The peak, naturally, only lasted about a day. I was most curious to see what the right side of the graph would look like. Would it fall to zero? A slow trickle? A steady passive income?

When I sent out the email for the book, one thing I asked was for people to write honest, detailed reviews. I figured a book page with a good set of reviews would give it the air of legimitacy for future customers who stumbled onto the book on their own. That in turn would help the book have a longer sales tail.

Because people are awesome and I love every one of them, people did indeed do this. It took a while, but reviews started trickling in.

Other pleasant surprises started happening too. The book finally made its way through the other channels. I put it up on Google Play, and Smashwords got it onto iBooks, Nook, and some other places. I finally figured out a place to sell the PDF. (If you go to the book’s site now, these are all listed there.)

In a mistake that I don’t understand but can’t bear to correct, Apple even decided to spice up my name a bit:

Robert Nyström, now 15% more metal.

Then, a few days later, the most magical part of this whole thing started happening (though, honestly, the umlaut is a close second). That’s about how long it took for print copies to get shipped to people.

Soon, friends and family—some who I haven’t seen in years—started sending me pictures of their copies of the book. Kind strangers in countries I couldn’t find on a map tweeted pictures of themselves opening the shipping box with excitement to see my dumb face staring out at them.

It’s hard to articulate how profoundly gratifying that is. Through almost the entire six years I’ve been working on this book, it’s been a purely digital thing. While I spend an astonishing amount of my life on the Internet, it still never quite feels “real” to me.

Is rearranging some polarization on an SSD really making something?
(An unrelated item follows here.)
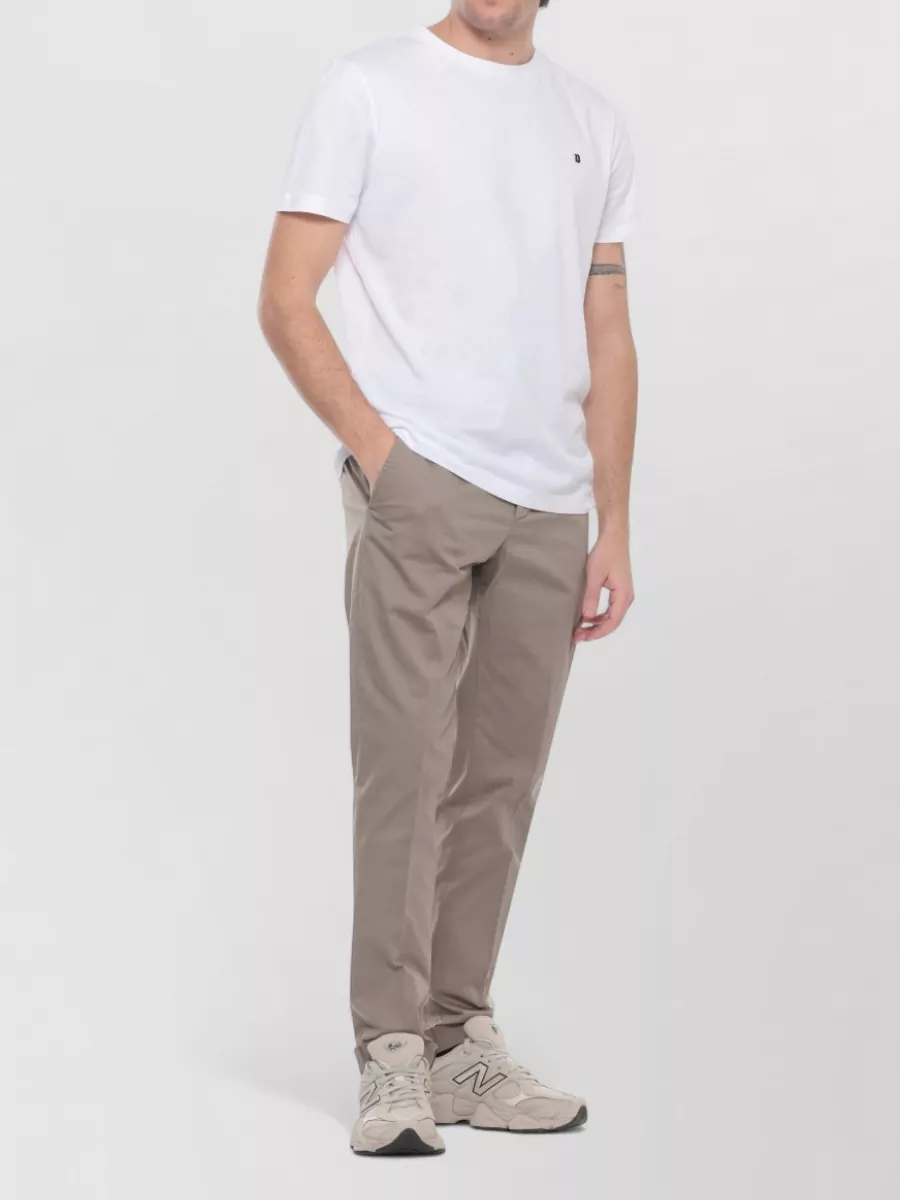 Dondup Straight-Leg Trousers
Is a few words glowing on an LCD actually communicating with a person, or just some pixelated avatar?

But seeing photos of real live people holding an actual physical thing filled with words and illustrations I put together, and seeing them happy to have it in their hands finally made it click for me that I made something real that actually affected people.

How we’re looking now

Things have mostly settled down since then, though I do still have lots of email to catch up on (sorry!). Now that the book is in pretty much every sales channel, e-book walled garden, and international site for Amazon, I’m finally getting to the point where I can think of the book as done and put it into the background of my life.

So far, buyers have been trickling in at a decent rate. Here’s what my Kindle sales look like as of writing this post:

EPUB is similar, and I think print is too.
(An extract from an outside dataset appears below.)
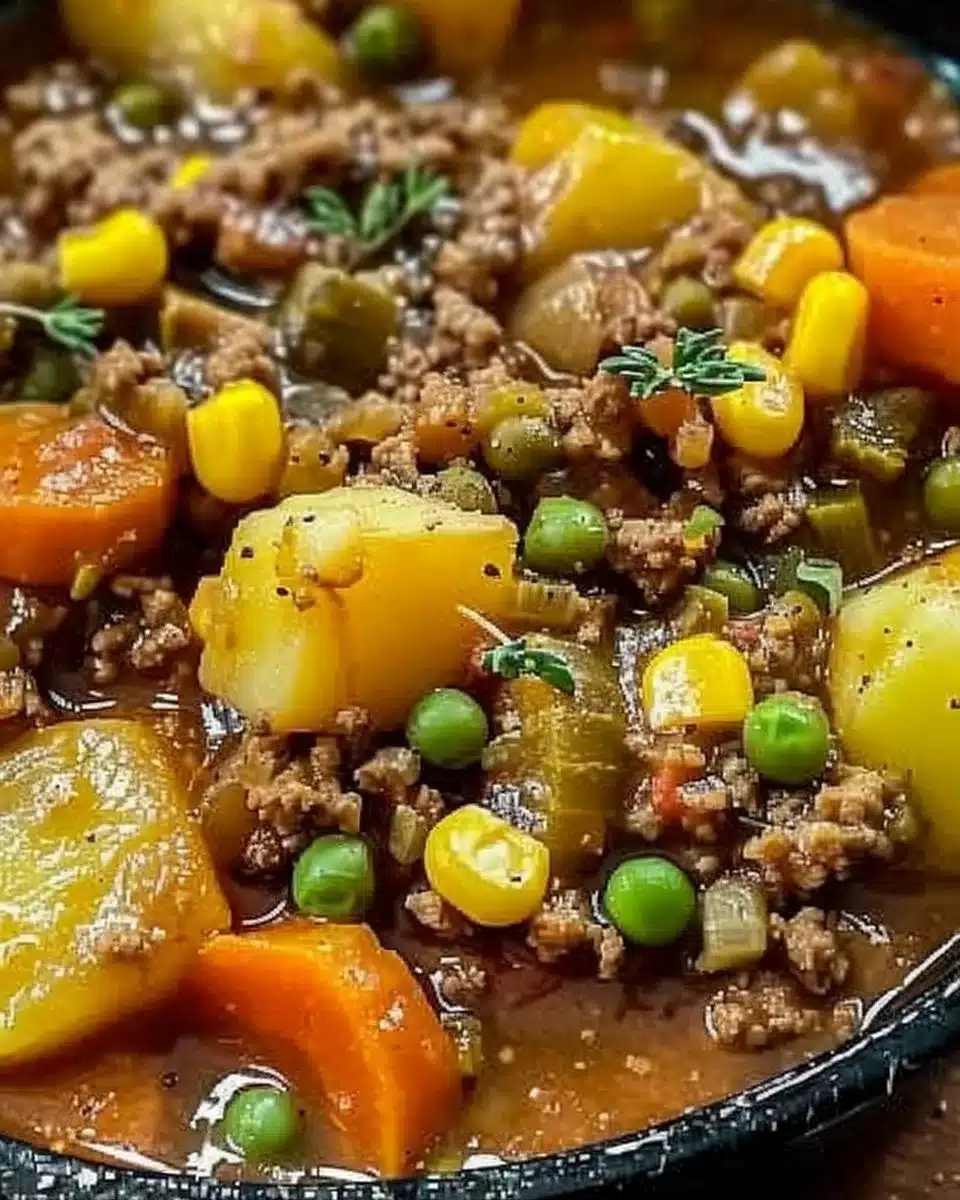 Amish Harvest Casserole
The book has been out about two weeks, and I’ve sold:

That’s a grand total of 1,147 copies sold in the first two weeks. I won’t be retiring off of this, but I’m really really happy with that number, and unbelievably grateful to everyone who bought a copy.

While I’m planning to take a good long break from serious projects first, this level of success has certainly gotten me pumped about writing another book. If I do, I’m 100% confident now in my approach of putting the entire book online for free. I’m certain I wouldn’t have sold anywhere near this many copies if the book’s website hadn’t built an audience who were ready and eager to get their hands on a copy.

It turns out giving something away is a great way to get something back.